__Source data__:
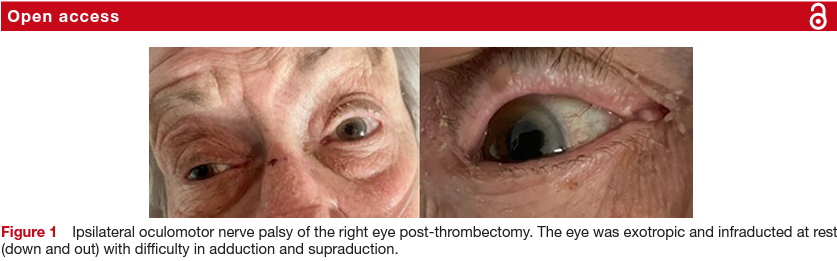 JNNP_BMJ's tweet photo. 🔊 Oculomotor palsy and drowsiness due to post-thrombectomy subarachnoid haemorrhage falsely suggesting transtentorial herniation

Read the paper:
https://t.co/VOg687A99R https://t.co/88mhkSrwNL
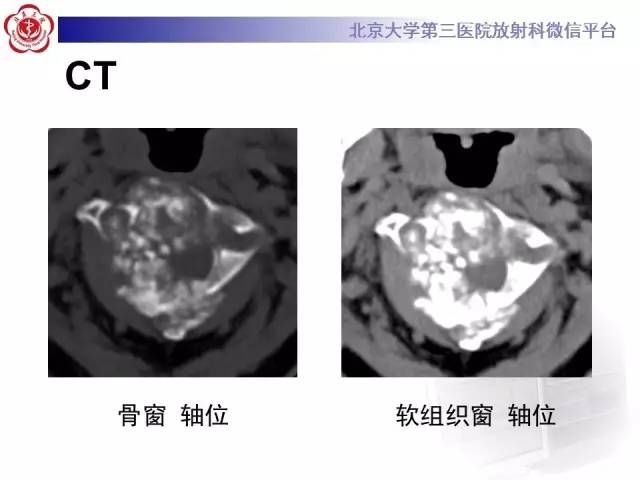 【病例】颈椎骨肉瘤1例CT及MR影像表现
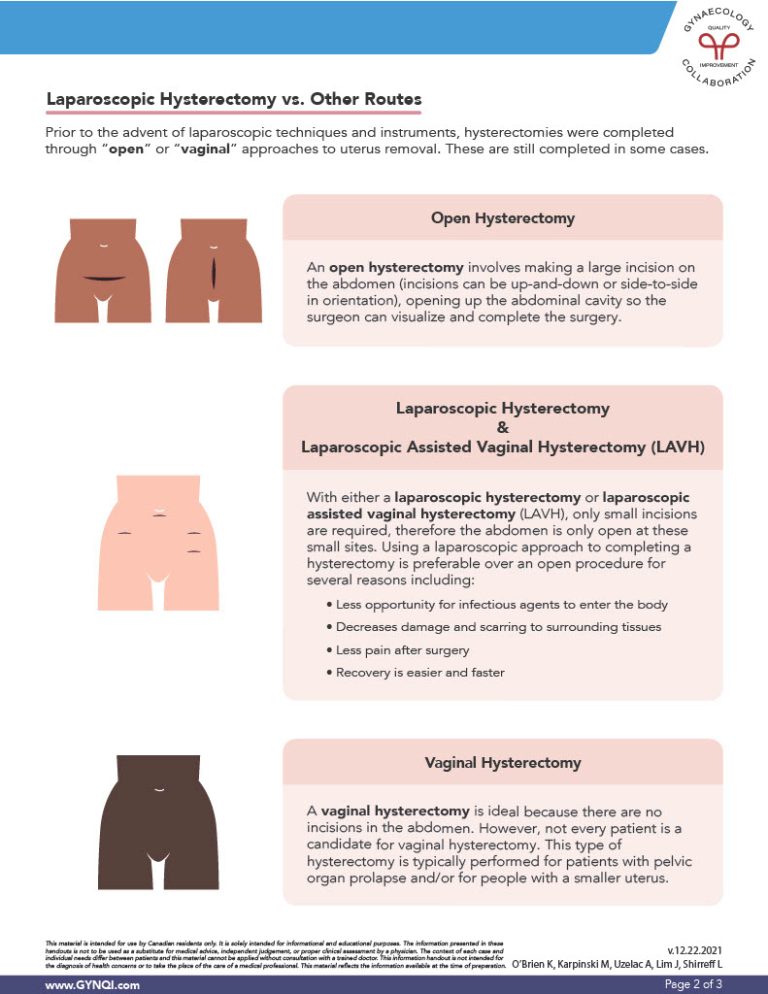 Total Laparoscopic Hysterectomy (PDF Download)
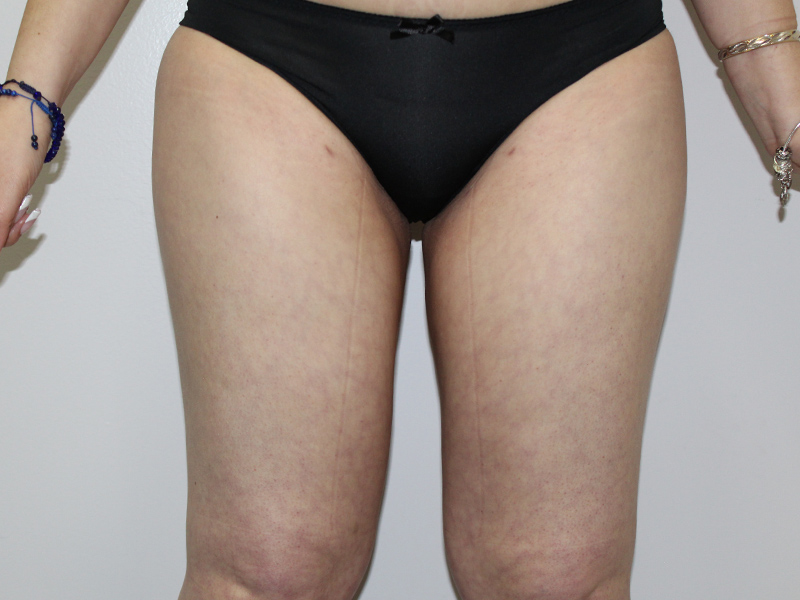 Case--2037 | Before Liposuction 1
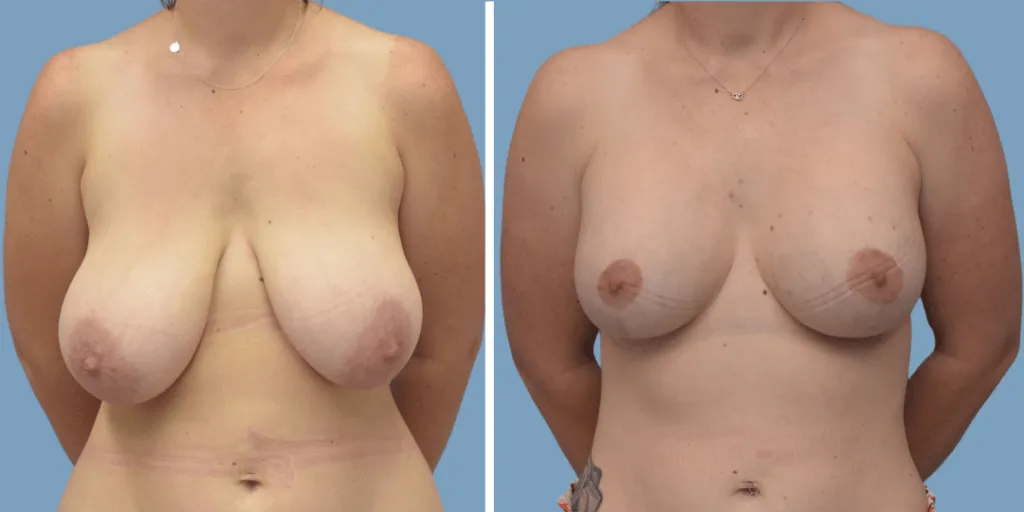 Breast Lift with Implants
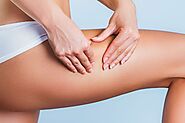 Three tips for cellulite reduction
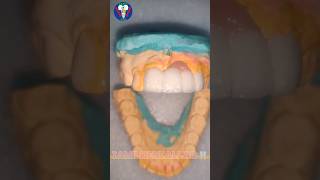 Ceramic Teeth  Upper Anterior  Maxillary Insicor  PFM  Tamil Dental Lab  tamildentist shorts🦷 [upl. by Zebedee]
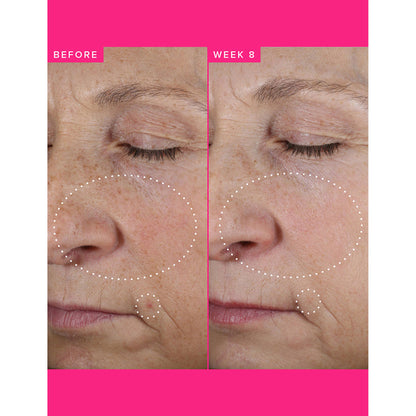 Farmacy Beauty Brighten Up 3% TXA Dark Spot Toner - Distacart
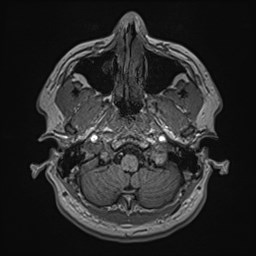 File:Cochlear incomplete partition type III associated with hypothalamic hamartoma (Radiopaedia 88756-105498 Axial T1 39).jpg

__What to work on__: Hand back the records above exactly as they are, pictures excluded.

__Answer to this problem__:
 JNNP_BMJ's tweet photo. 🔊 Oculomotor palsy and drowsiness due to post-thrombectomy subarachnoid haemorrhage falsely suggesting transtentorial herniation

Read the paper:
https://t.co/VOg687A99R https://t.co/88mhkSrwNL
 【病例】颈椎骨肉瘤1例CT及MR影像表现
 Total Laparoscopic Hysterectomy (PDF Download)
 Case--2037 | Before Liposuction 1
 Breast Lift with Implants
 Three tips for cellulite reduction
 Ceramic Teeth  Upper Anterior  Maxillary Insicor  PFM  Tamil Dental Lab  tamildentist shorts🦷 [upl. by Zebedee]
 Farmacy Beauty Brighten Up 3% TXA Dark Spot Toner - Distacart
 File:Cochlear incomplete partition type III associated with hypothalamic hamartoma (Radiopaedia 88756-105498 Axial T1 39).jpg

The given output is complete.